Re: [HACKERS] Custom compression methods - Mailing list pgsql-hackers

From Robert Haas
Subject Re: [HACKERS] Custom compression methods
Date
Msg-id CA+TgmoaKDW1Oi9V=jc9hOGyf77NbkNEABuqgHD1Cq==1QsOcxg@mail.gmail.com
Whole thread Raw
In response to Re: [HACKERS] Custom compression methods  (Dilip Kumar <dilipbalaut@gmail.com>)
Responses Re: [HACKERS] Custom compression methods
Re: [HACKERS] Custom compression methods
Re: [HACKERS] Custom compression methods
Re: [HACKERS] Custom compression methods
List pgsql-hackers
On Wed, Nov 11, 2020 at 9:39 AM Dilip Kumar <dilipbalaut@gmail.com> wrote:
> There were a few problems in this rebased version, basically, the
> compression options were not passed while compressing values from the
> brin_form_tuple, so I have fixed this.

Since the authorship history of this patch is complicated, it would be
nice if you would include authorship information and relevant
"Discussion" links in the patches.

Design level considerations and overall notes:

configure is autogenerated from configure.in, so the patch shouldn't
include changes only to the former.

Looking over the changes to src/include:

+       PGLZ_COMPRESSION_ID,
+       LZ4_COMPRESSION_ID

I think that it would be good to assign values to these explicitly.

+/* compresion handler routines */

Spelling.

+       /* compression routine for the compression method */
+       cmcompress_function cmcompress;
+
+       /* decompression routine for the compression method */
+       cmcompress_function cmdecompress;

Don't reuse cmcompress_function; that's confusing. Just have a typedef
per structure member, even if they end up being the same.

 #define TOAST_COMPRESS_SET_RAWSIZE(ptr, len) \
-       (((toast_compress_header *) (ptr))->rawsize = (len))
+do { \
+       Assert(len > 0 && len <= RAWSIZEMASK); \
+       ((toast_compress_header *) (ptr))->info = (len); \
+} while (0)

Indentation.

+#define TOAST_COMPRESS_SET_COMPRESSION_METHOD(ptr, cm_method) \
+       ((toast_compress_header *) (ptr))->info |= ((cm_method) << 30);

What about making TOAST_COMPRESS_SET_RAWSIZE() take another argument?
And possibly also rename it to TEST_COMPRESS_SET_SIZE_AND_METHOD() or
something?
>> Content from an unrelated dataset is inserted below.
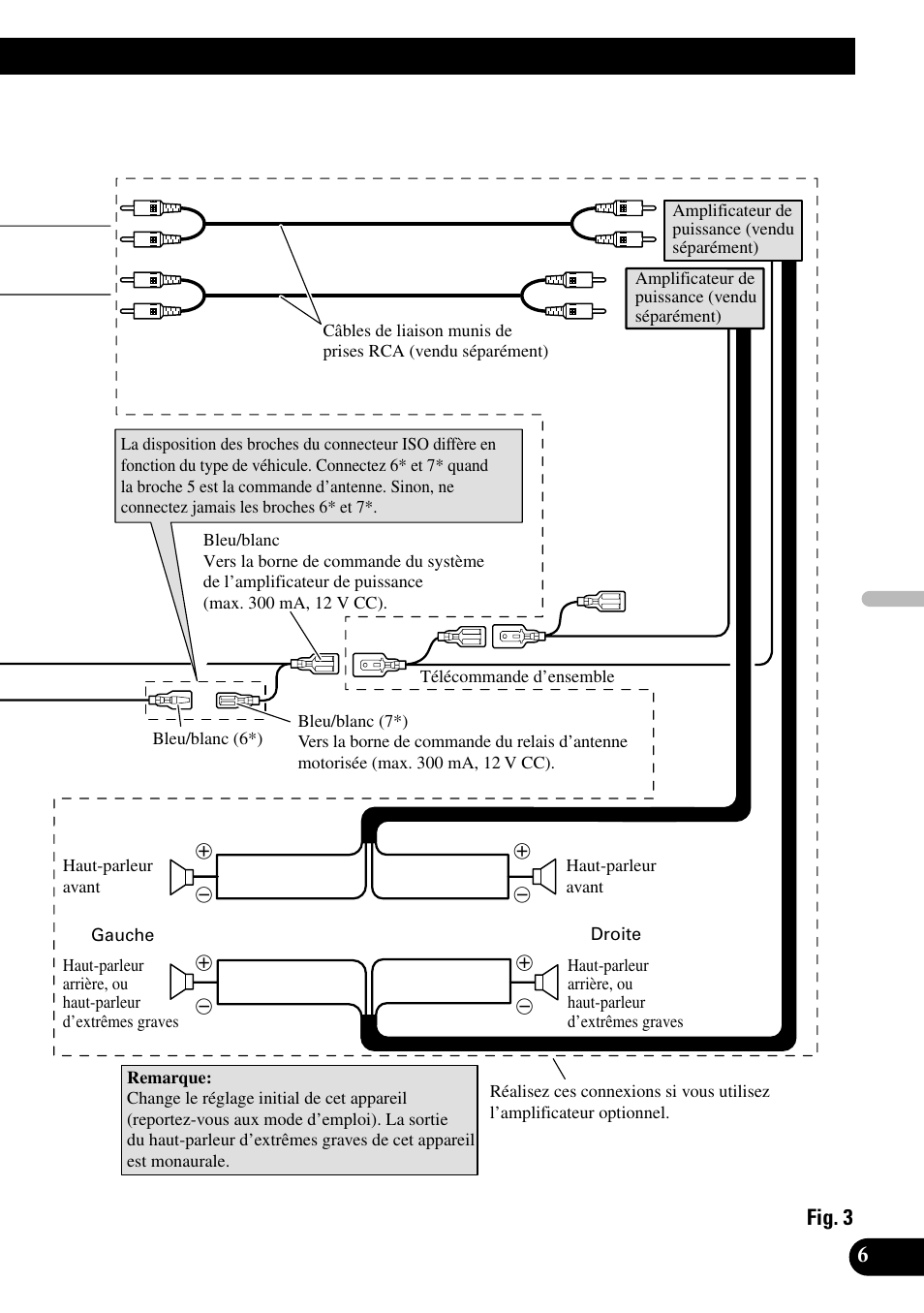 Fig. 3 | Pioneer DEH-P55BT User Manual | Page 43 / 86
It seems not great to have separate functions each setting
part of a 4-byte quantity. Too much chance of failing to set both
parts. I guess you've got a function called
toast_set_compressed_datum_info() for that, but it's just a wrapper
around two macros that could just be combined, which would reduce
complexity overall.

+       T_CompressionRoutine,           /* in access/compressionapi.h */

This looks misplaced. I guess it should go just after these:

    T_FdwRoutine,               /* in foreign/fdwapi.h */
    T_IndexAmRoutine,           /* in access/amapi.h */
    T_TableAmRoutine,           /* in access/tableam.h */

Looking over the regression test changes:

The tests at the top of create_cm.out that just test that we can
create tables with various storage types seem unrelated to the purpose
of the patch. And the file doesn't test creating a compression method
either, as the file name would suggest, so either the file name needs
to be changed (compression, compression_method?) or the tests don't go
here.

+-- check data is okdd

I guess whoever is responsible for this comment prefers vi to emacs.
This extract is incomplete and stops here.